Whenever you see a Python framework with a “checkpoint” or “snapshot” or “clone” in its hot path, that’s usually a deepcopy-shaped hole waiting for a Rust-shaped peg. It’s the single highest-leverage optimization target in Python AI infrastructure, and it’s why fast-langraph leads with it.

For the step-by-step on adopting the Rust checkpointer, see the guide. For the full benchmark methodology, see /benchmarks.

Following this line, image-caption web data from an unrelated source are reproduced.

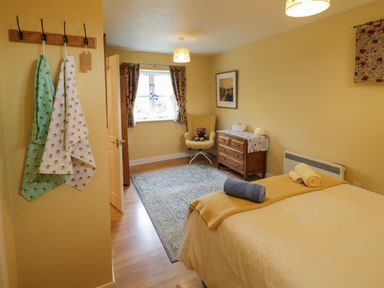 A bedroom with a bed towels armchair chest of drawers and a window at The Garden Lodge in Upton Cressett near Bridgnorth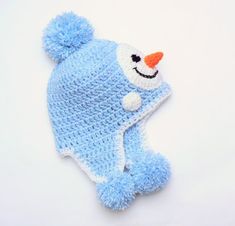 a blue knitted hat with a snowman on it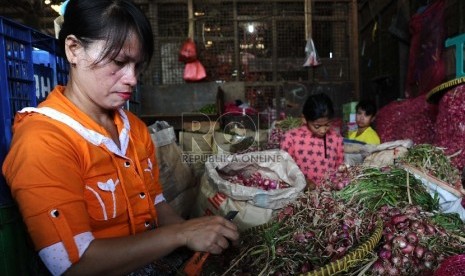 Pekerja sedang mengupas bawang merah di pasar Induk, Jakarta, Senin (14/12). 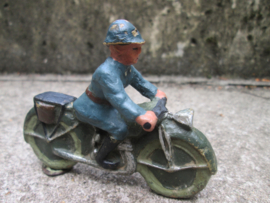Unmarked soldier on motor Soldaat op motor blauw uniform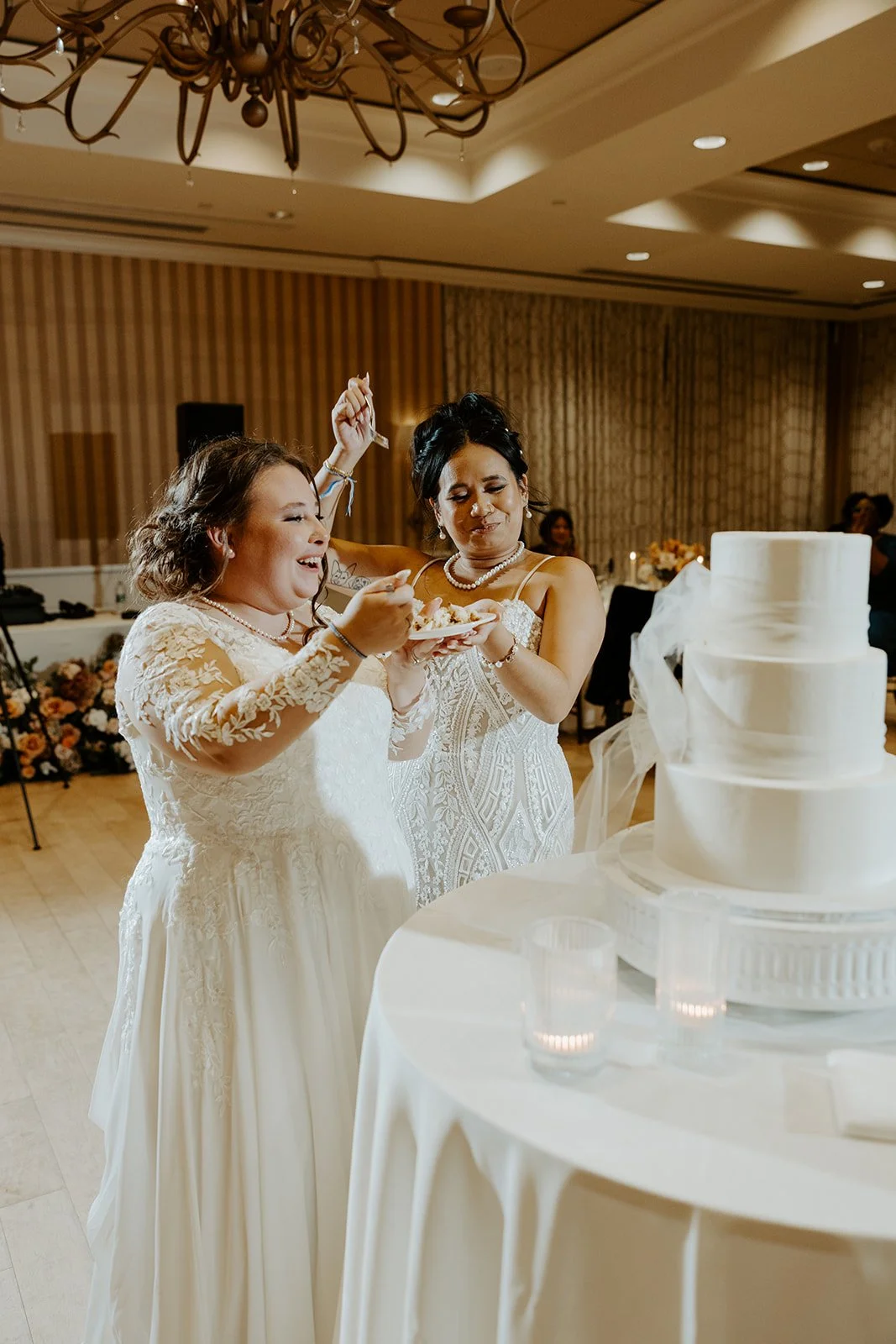Brides cutting their wedding cake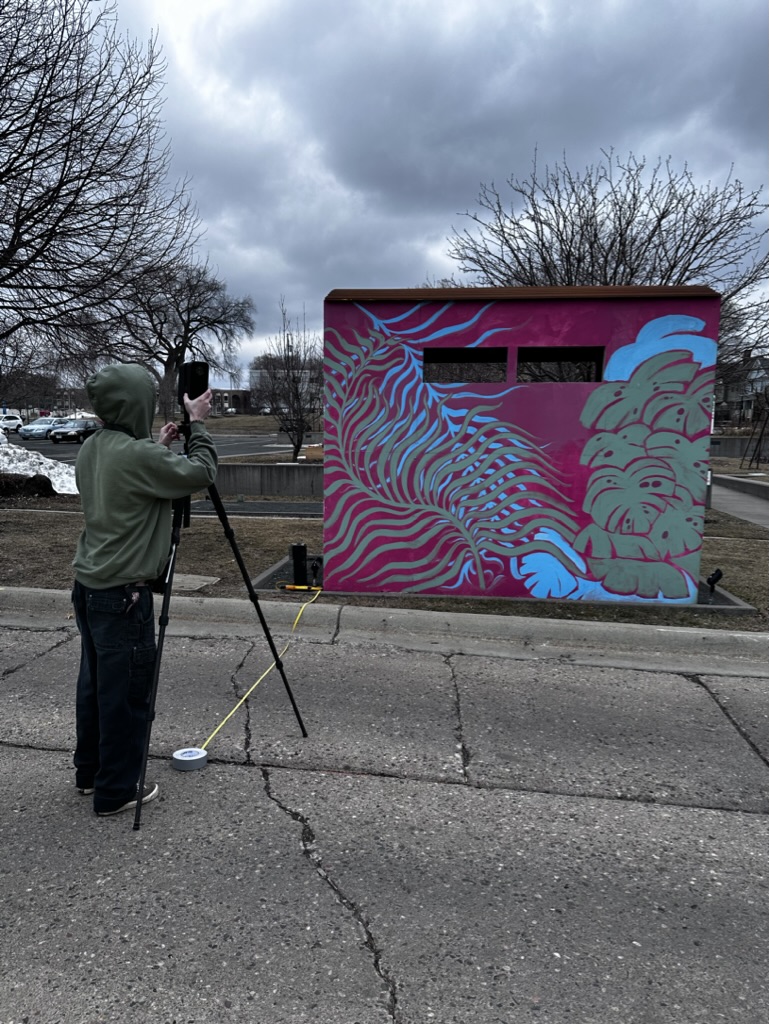 Olaf Kuhlke. MCAD Student Connor Johnson on campus testing a 3-D camera for future fieldwork. 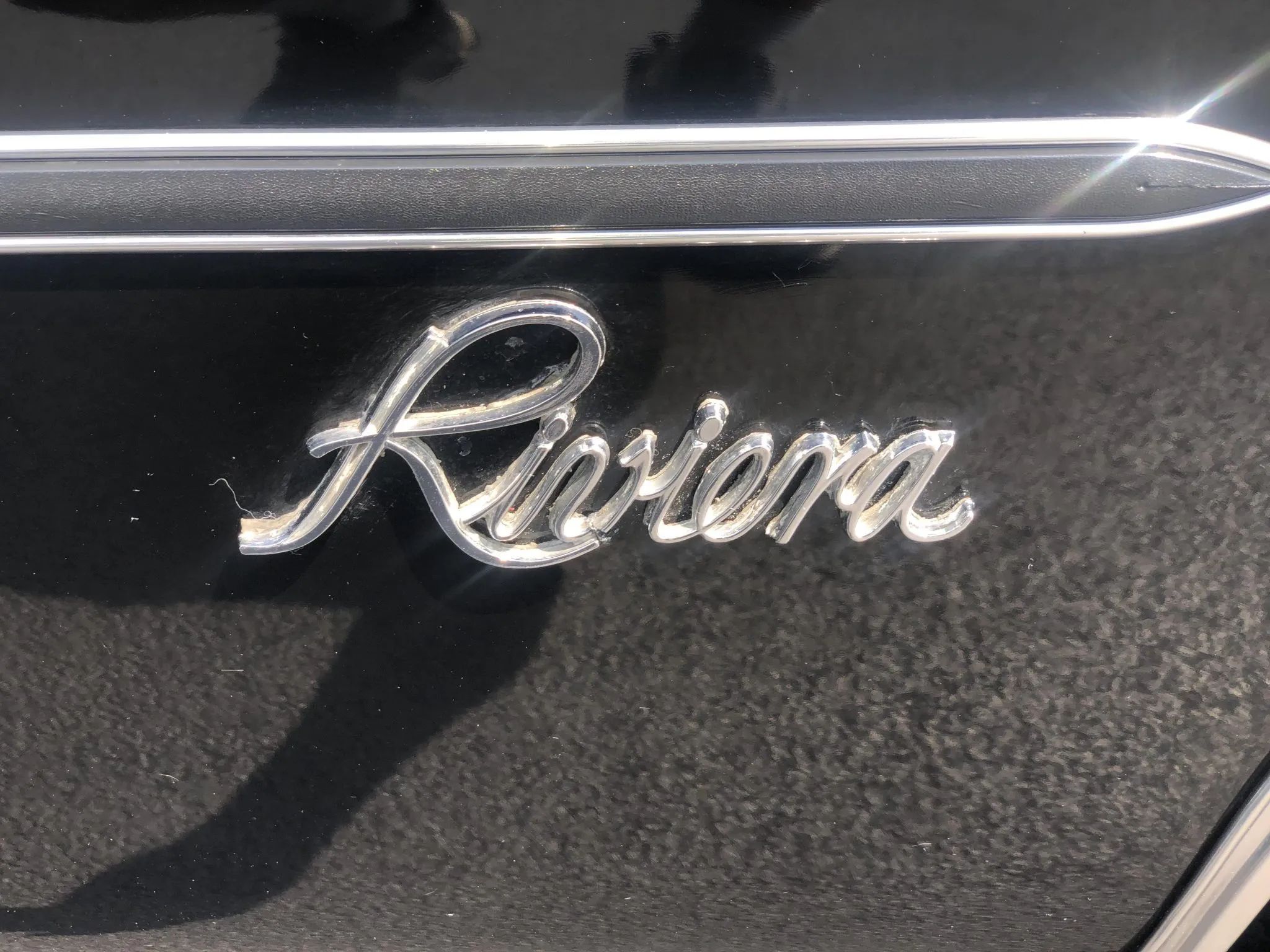 Vintage Review: 1976 Buick Riviera – "Once Big, Flashy, Fast And Unique, It Is Now Simply Big" 2 Riviera badge on a black car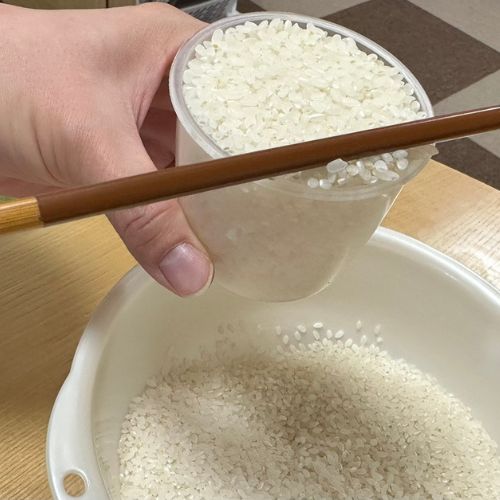 カップですくった米を箸でならしている様子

Frequently asked questions

Why is Python's deepcopy so slow on large state? +

deepcopy recursively allocates new Python objects for every node in the state graph. Each allocation takes the GIL, runs interpreted bytecode, and writes to a heap that then needs garbage collection. On complex state with nested dicts, lists, and custom objects, you pay this cost on every node in the structure. Speed is roughly linear in node count.

Why does fast-langraph achieve a 737x speedup specifically? +

The 737x number comes from a 235 KB state benchmark — deepcopy takes 206 ms, while the Rust implementation takes 0.28 ms. The speedup scales with state size and complexity because deepcopy's overhead is per-node while Rust's buffer walk is effectively free per node.

Does this matter for small graphs? +

No. If your state is small (a few KB) and simple (flat dicts, no deep nesting), Python's dict is already implemented in hand-optimized C and the difference is negligible. fast-langraph's advantage shows up when state gets complex, which is when production workloads hit a wall anyway.

Is there a way to keep using deepcopy and still be fast? +

Not really. You can use pickle with protocol 5 for somewhat faster serialization, or build custom __copy__ methods for your state classes. Both help but neither closes the order-of-magnitude gap. The architectural issue is that Python's object model forces per-node overhead that native code simply doesn't have.